» Aim of the exercise:
The data must be returned exactly. No line may be left out.

» Data below:
________

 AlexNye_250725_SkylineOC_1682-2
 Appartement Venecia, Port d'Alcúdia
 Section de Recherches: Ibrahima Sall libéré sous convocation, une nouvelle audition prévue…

________

» Solution:
 AlexNye_250725_SkylineOC_1682-2
 Appartement Venecia, Port d'Alcúdia
 Section de Recherches: Ibrahima Sall libéré sous convocation, une nouvelle audition prévue…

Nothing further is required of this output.